----- Record excerpts

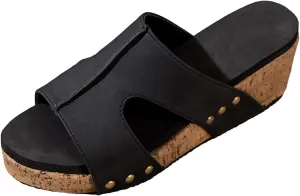 Wedge Cloud Slippers for Women Vacation Wedges Sandals Memory Foam Slides Casual Sandals Indoor Outdoor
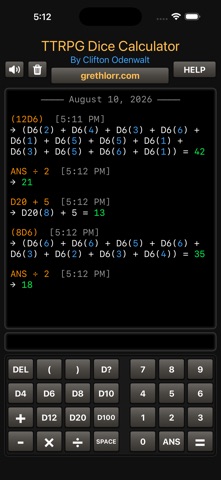 TTRPG Dice Calculator screenshot 2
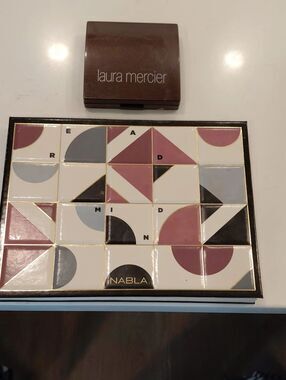 Nabla Eyeshadow Palette - Mauve, Black  brown, and Pink Shades...FREE MERCIER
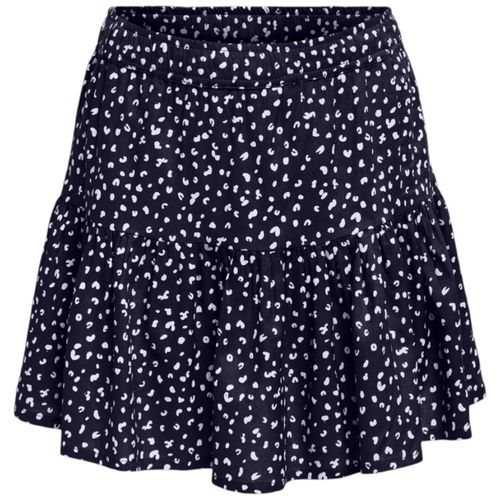 Falda azul con estampado para niña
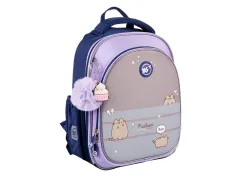 Ортопедичний рюкзак шкільний YES Pusheen Playful S-109, бузковий Ортопедичний рюкзак шкільний YES Pusheen Playful S-109, бузковий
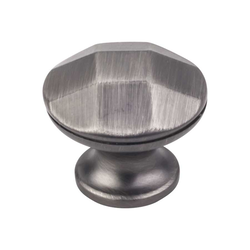 Drake 1-1/4 Inch Diameter Brushed Pewter Cabinet Knob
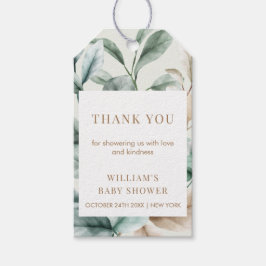 Etiqueta Para Presente Modern Boho Greenerence deixa Chá de fraldas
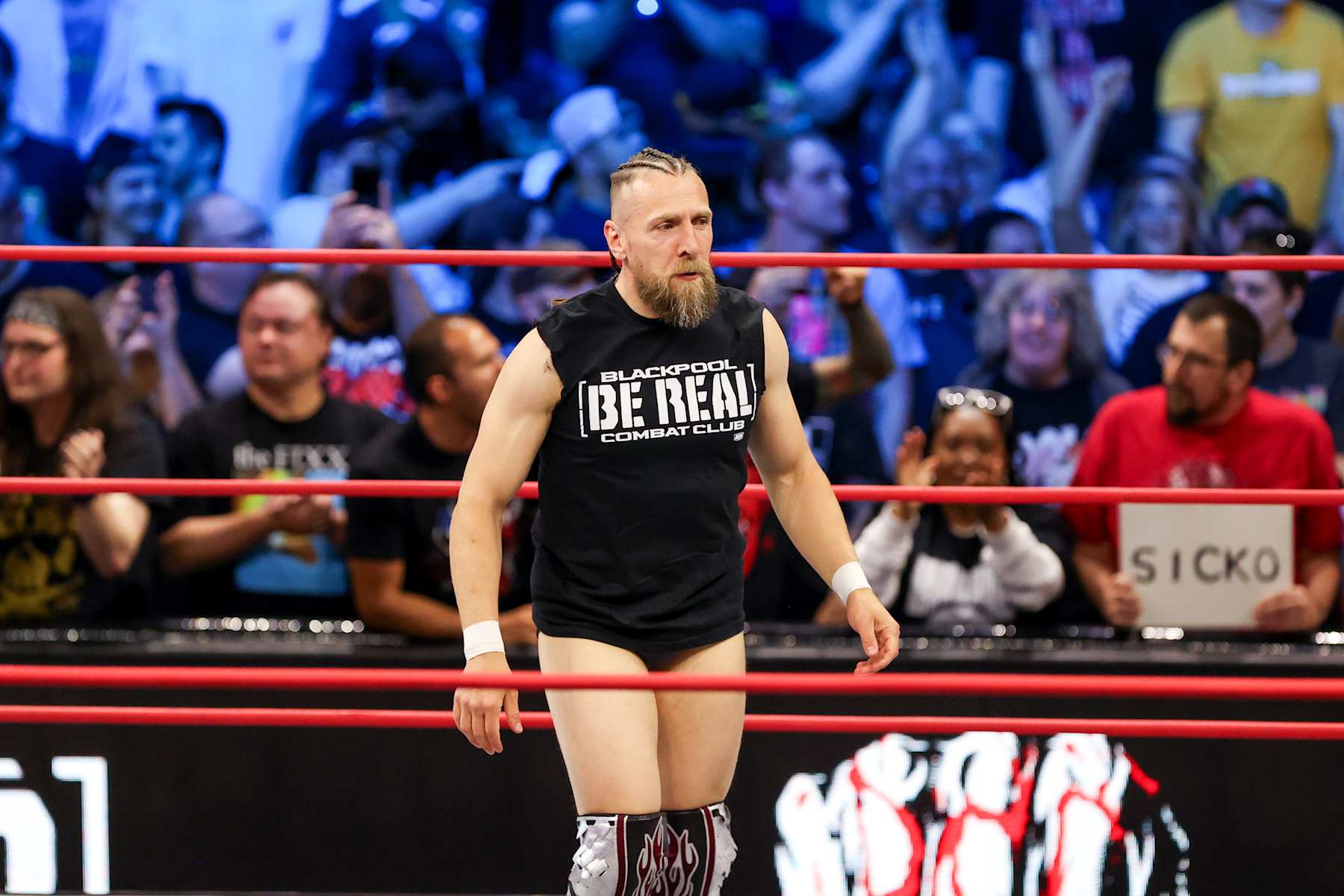 CLEVELAND, OH - JUNE15: Bryan Danielson in the ring during AEW Collision on June 15, at the Covelli Centre in Youngstown, OH. (Photo by Frank Jansky/Icon Sportswire via Getty Images)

----------

A word-for-word copy of the lines from the one with "TTRPG Dice Calculator screenshot 2" through the last line of the data above is required, with both end lines included and no pictures.

 TTRPG Dice Calculator screenshot 2
 Nabla Eyeshadow Palette - Mauve, Black  brown, and Pink Shades...FREE MERCIER
 Falda azul con estampado para niña
 Ортопедичний рюкзак шкільний YES Pusheen Playful S-109, бузковий Ортопедичний рюкзак шкільний YES Pusheen Playful S-109, бузковий
 Drake 1-1/4 Inch Diameter Brushed Pewter Cabinet Knob
 Etiqueta Para Presente Modern Boho Greenerence deixa Chá de fraldas
 CLEVELAND, OH - JUNE15: Bryan Danielson in the ring during AEW Collision on June 15, at the Covelli Centre in Youngstown, OH. (Photo by Frank Jansky/Icon Sportswire via Getty Images)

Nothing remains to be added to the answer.